According to the Bureau of Labor Statistics, the average American switches jobs every 3.9 years. It’s even shorter for younger workers chasing a better paycheck or a mission they believe in.

Tim Holt has been with Siemens Energy for 30 years.

That’s seven job changes he never made.

Now he sits on Siemens Energy’s Executive Board, overseeing its Grid Technologies business and operations across the Americas. He’s also the company’s Labor Director.

So why has he stayed?

“I never had a boring day at the company,” Tim says. “I never woke up in the morning and said, well, you know, I don’t want to go to work.”

Over three decades, he’s helped bring to life turbines that run at temperatures that melt metal, wind blades the size of football fields, and green hydrogen systems powered by renewables.

It’s kept him at the frontier of some of the most ambitious energy infrastructure projects in the world.

Now the action is heating up.

“It took the modern world 150 years to build the power grid we have today,” Holt says. “Now we have to build that much capacity again in just 15 years—and then do it again in the 15 [years] after that.”

That’s turned what used to be a sleepy corner of the energy sector into one of the most dynamic industries on Earth.

The Rise of Big Infrastructure

The clean energy future runs through the grid, and there’s no getting around it.

No EV transformation. No green hydrogen. No electrified factories or AI-powered data centers.
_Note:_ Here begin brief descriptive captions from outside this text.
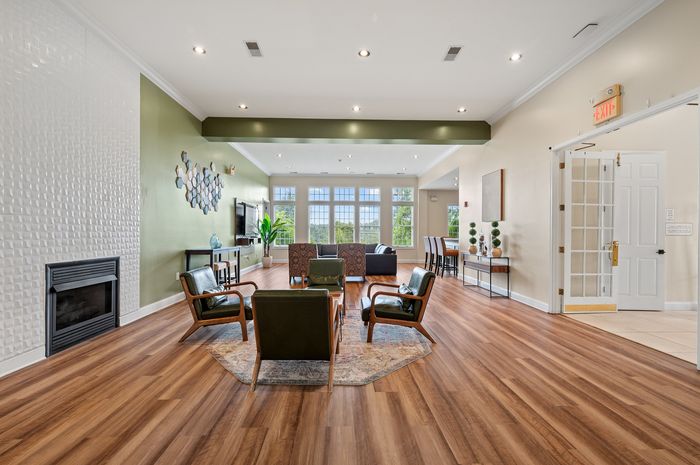 Inviting modern living room with elegant fireplace, stylish seating, and expansive windows offering natural light and scenic views.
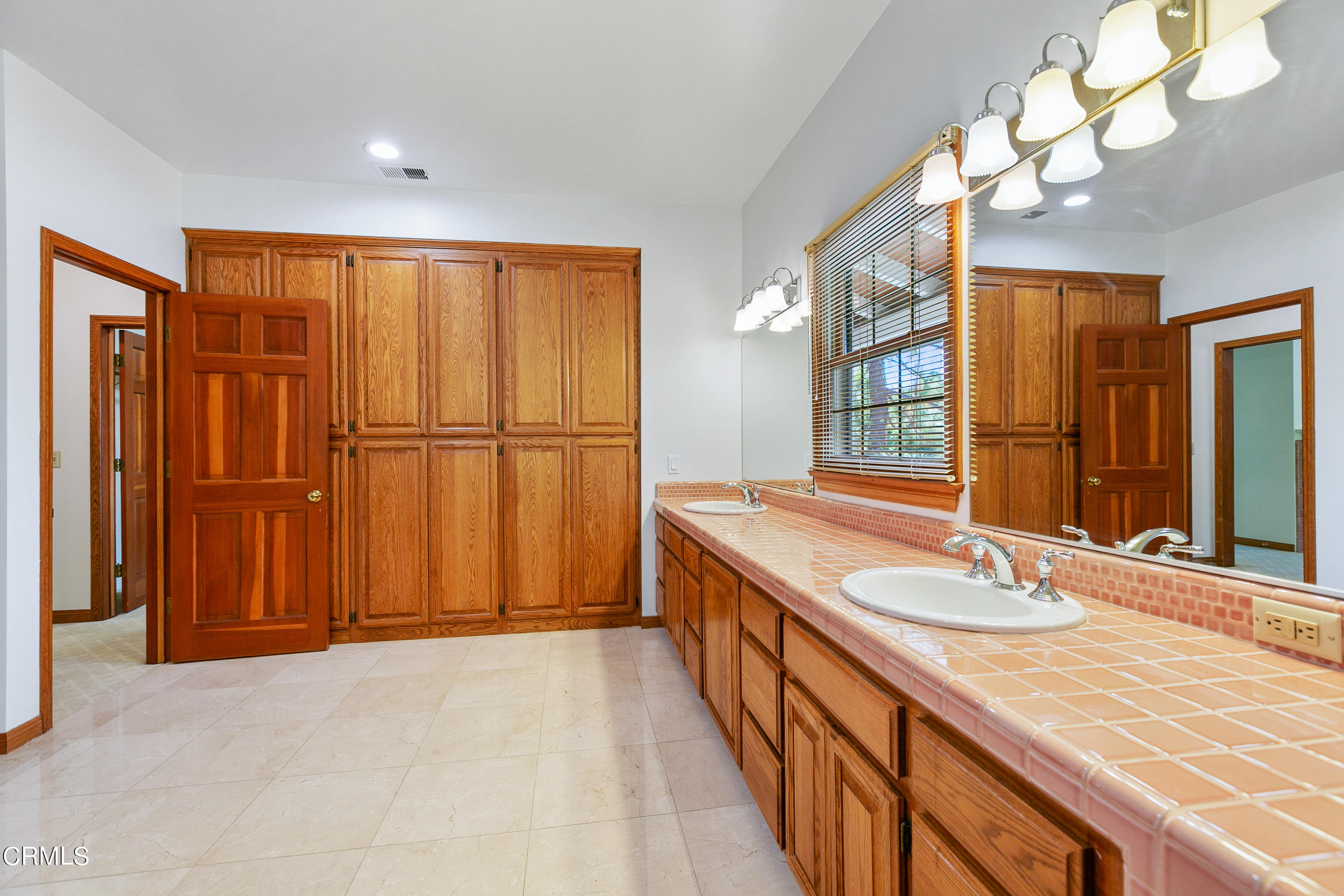 800 Greenridge Drive La Canada Flintridge, CA 91011 - Photo 39 of 58 a bathroom with a granite countertop sink and a mirror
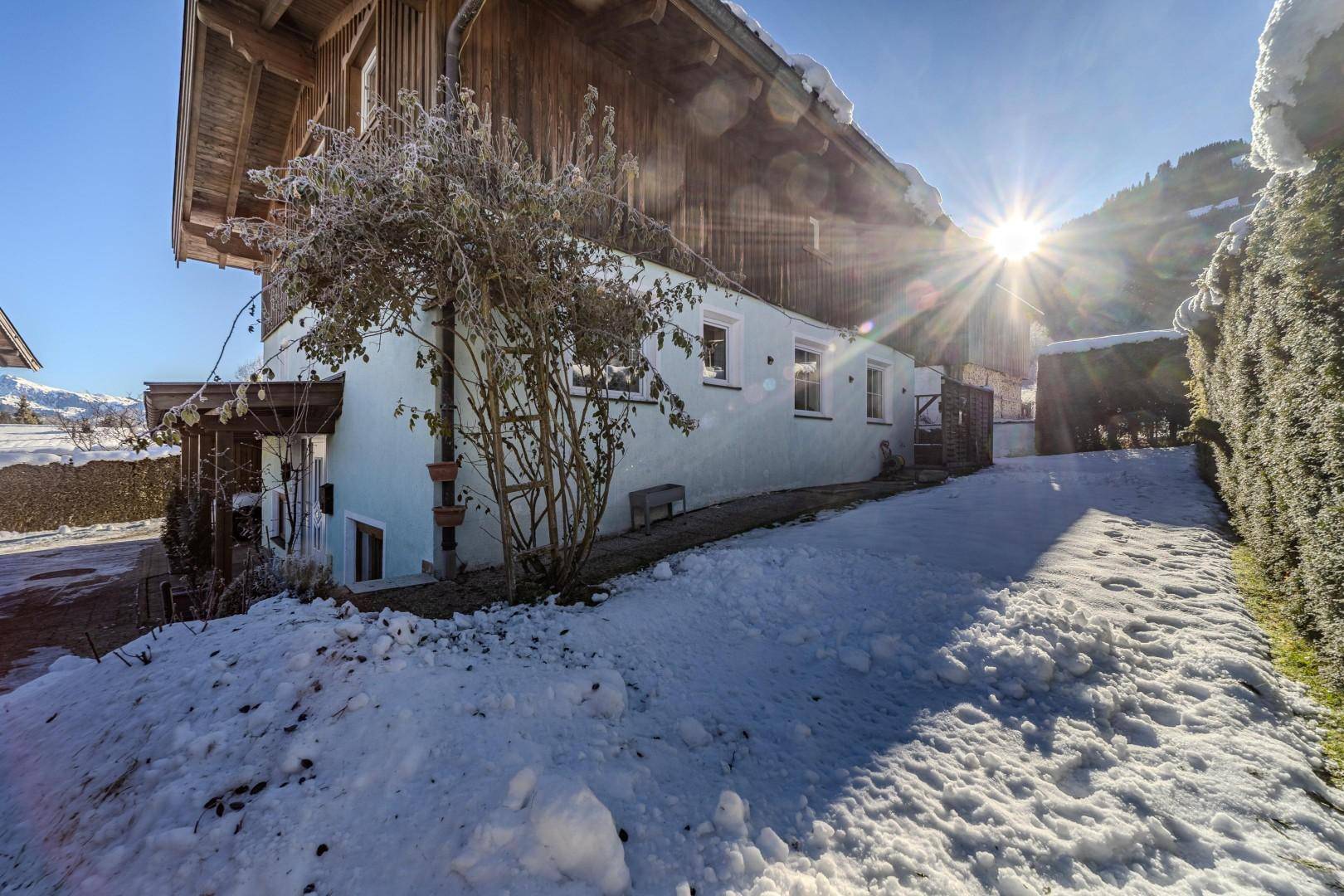 Hausfassade im Winter mit Schnee und Sonnenschein, umgeben von Bäumen.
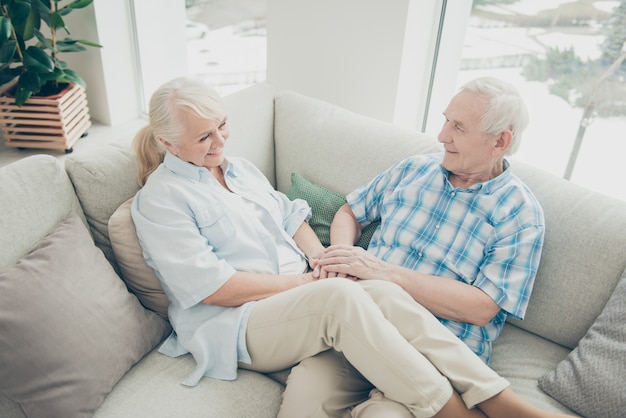 Encantadora pareja de ancianos posando juntos en el sofá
None of it scales without a power system that’s bigger, faster, and smarter than the one we have today.

Siemens Energy is leading this shift. Its technologies already form the backbone of one-sixth of all electricity generated worldwide. Now, it’s rebuilding the transmission grid that the future depends on.

Sing all the praises you want about Big Tech. This is Big Infrastructure—and there’s no future without it.

The Tools of Transformation

Siemens Energy is scaling on two fronts:

  1. Building more: Substations. HVDC systems. And 20,000-ton offshore platforms the size of 11-story buildings—linking wind farms in the North Sea to Europe’s grid.

  2. Making it smarter: Layer real-time intelligence into every transformer, line, and node.

“The grid is becoming like a self-driving car,” Tim says. “First, you need the sensors. Then the software. Then the intelligence that steers the system.”

It’s about getting more electrons through the same wires while building new ones at a record pace.

Siemens Energy’s 11-story HVDC transmission system on its way to the North Sea earlier this month.

Stability without Smokestacks

As utilities retire fossil fuel plants, we lose the massive spinning turbines that perform the vital function of stabilizing the grid’s frequency.

Utilities now face a critical question: What replaces that critical inertia?

One answer: synchronous condensers—giant machines that spin in place, supplying the physical inertia modern grids require.

A Siemens Energy Synchronous Condenser operating in Ireland.

Another approach: pairing batteries with power electronics.

“People think batteries alone solve the problem,” Tim says. “But stabilization is about speed. You need technologies that can respond in milliseconds, not seconds.”

In Ireland, Siemens Energy deployed a hybrid system where energy storage works alongside ultra-fast electronics to regulate frequency in real-time.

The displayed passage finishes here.